■ Listed entries ■
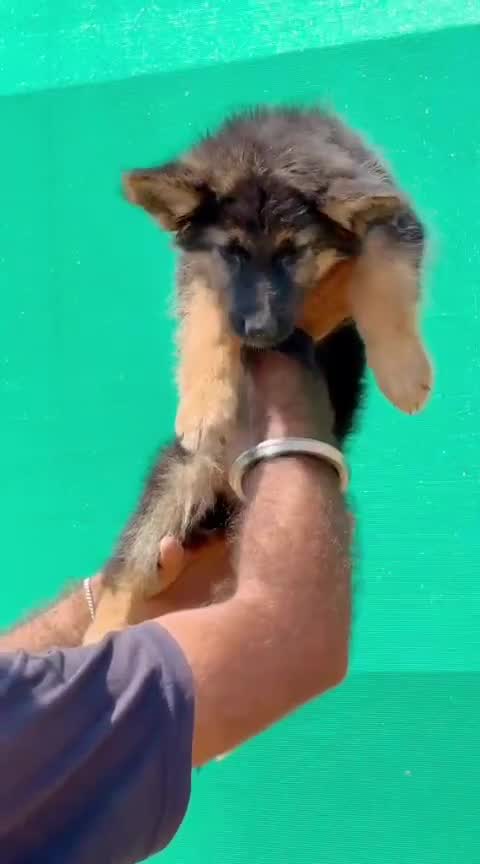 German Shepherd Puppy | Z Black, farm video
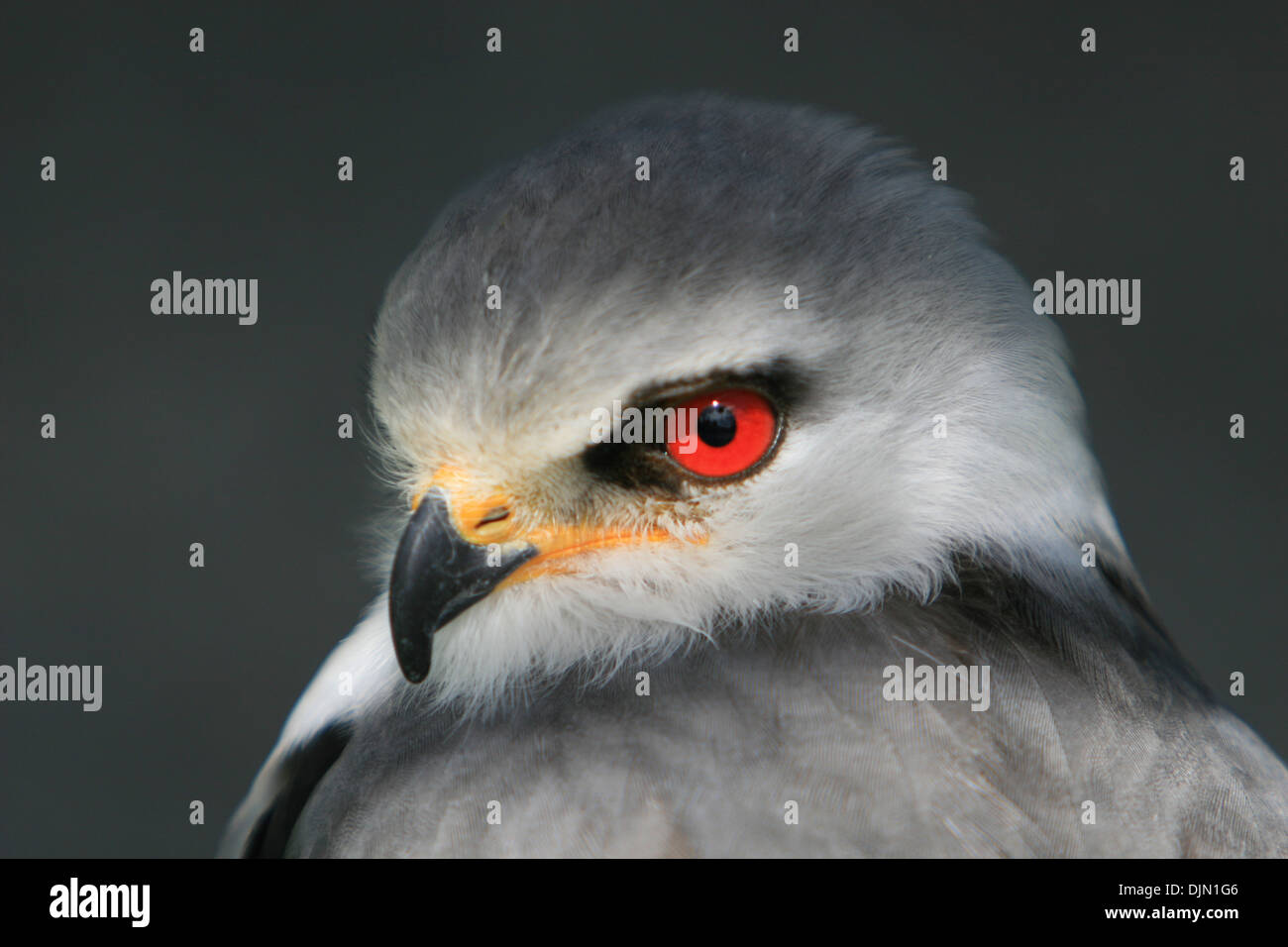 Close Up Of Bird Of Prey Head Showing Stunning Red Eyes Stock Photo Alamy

==

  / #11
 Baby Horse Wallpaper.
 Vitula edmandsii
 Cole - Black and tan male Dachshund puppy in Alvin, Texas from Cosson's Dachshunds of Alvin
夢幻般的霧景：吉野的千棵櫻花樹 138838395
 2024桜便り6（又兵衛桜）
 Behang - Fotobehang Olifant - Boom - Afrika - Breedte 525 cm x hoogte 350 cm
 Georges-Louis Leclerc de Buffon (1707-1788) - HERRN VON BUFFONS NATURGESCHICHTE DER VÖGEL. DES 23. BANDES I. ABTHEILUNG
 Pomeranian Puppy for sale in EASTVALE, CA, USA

■ Task prompt ■
Start with the line above that contains "2024桜便り6（又兵衛桜）" and end with the line that contains "Pomeranian Puppy for". Write out those lines exactly, and only those.

■ Your solution ■
 2024桜便り6（又兵衛桜）
 Behang - Fotobehang Olifant - Boom - Afrika - Breedte 525 cm x hoogte 350 cm
 Georges-Louis Leclerc de Buffon (1707-1788) - HERRN VON BUFFONS NATURGESCHICHTE DER VÖGEL. DES 23. BANDES I. ABTHEILUNG
 Pomeranian Puppy for sale in EASTVALE, CA, USA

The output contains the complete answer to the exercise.